Book Description
Unity is a comprehensive yet simple suite of tools for developing video games. You can use
Unity to not only create video games, but also AR/VR experiences, complex simulations, realtime realistic rendering, films, and practical games for training and education. With this book,
you will get to grips with creating a full game from the ground up, building it step-by-step and
applying your knowledge as you progress.
Complete with hands-on tutorials and projects, this easy-to-follow guide will teach you how to
develop the game using several Unity tools. As you advance, you will learn how to use the Unity
engine, create simple scripts using C#, integrate graphics, sound, and animations, and
manipulate physics to create interesting mechanics for your game. You'll be able to apply all the
knowledge that you gain to a real-world game. Later chapters will show you how to code a
simple AI agent to challenge the user and use profiling tools to ensure that the code runs
efficiently.
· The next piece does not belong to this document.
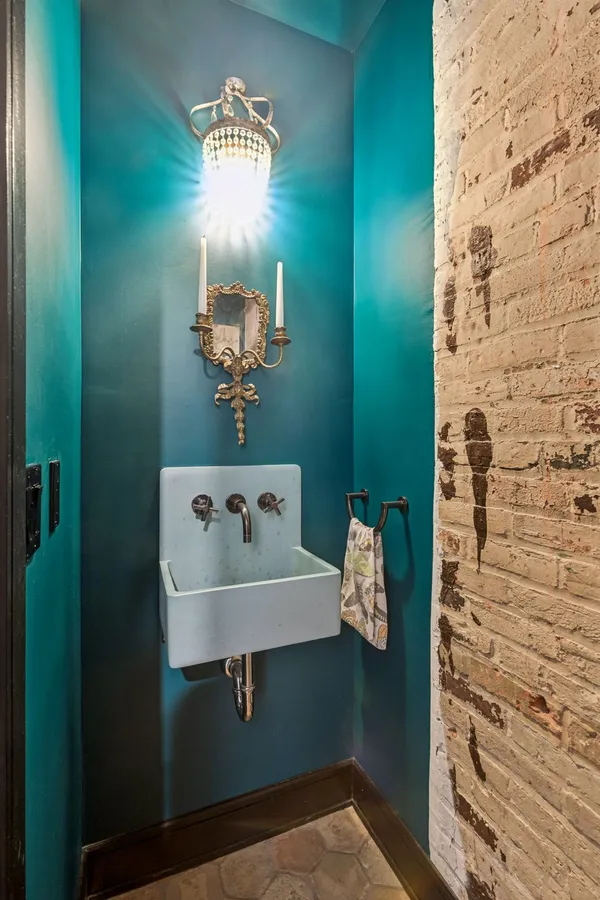 $3,750,000 | 207 South 24th Street, Philadelphia, PA 19103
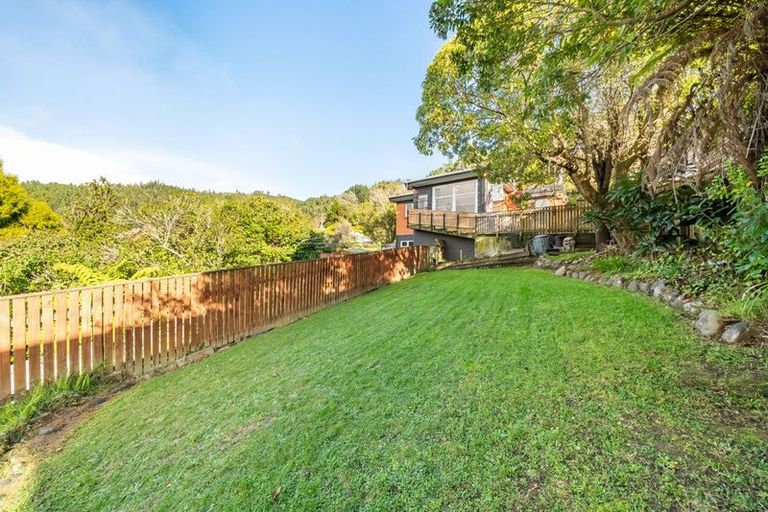 Photo of property in 51 Wyndham Road, Pinehaven, Upper Hutt, 5019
Finally, you'll work with Unity's AR tools to create AR experiences for 3D apps and
games.
By the end of this Unity book, you will have created a complete game and built a solid
foundation in using a wide variety of Unity tools.


What you will learn
●

Explore both C# and Visual Scripting tools to customize various aspects of a game, such
as physics, gameplay, and the UI

●

Program rich shaders and effects using Unity's new Shader Graph and Universal Render
Pipeline

●

Implement postprocessing to improve graphics quality with full-screen effects

●

Create rich particle systems for your Unity games from scratch using VFX Graph and
Shuriken

●

Add animations to your game using the Animator, Cinemachine, and Timeline

●

Use the brand new UI Toolkit package to create user interfaces

●

Implement game AI to control character behavior


Section 1 – Our First Level
In this section, you will learn about the fundamental concepts of Unity, such as scene creation
and asset management, to create your first playable prototype game level.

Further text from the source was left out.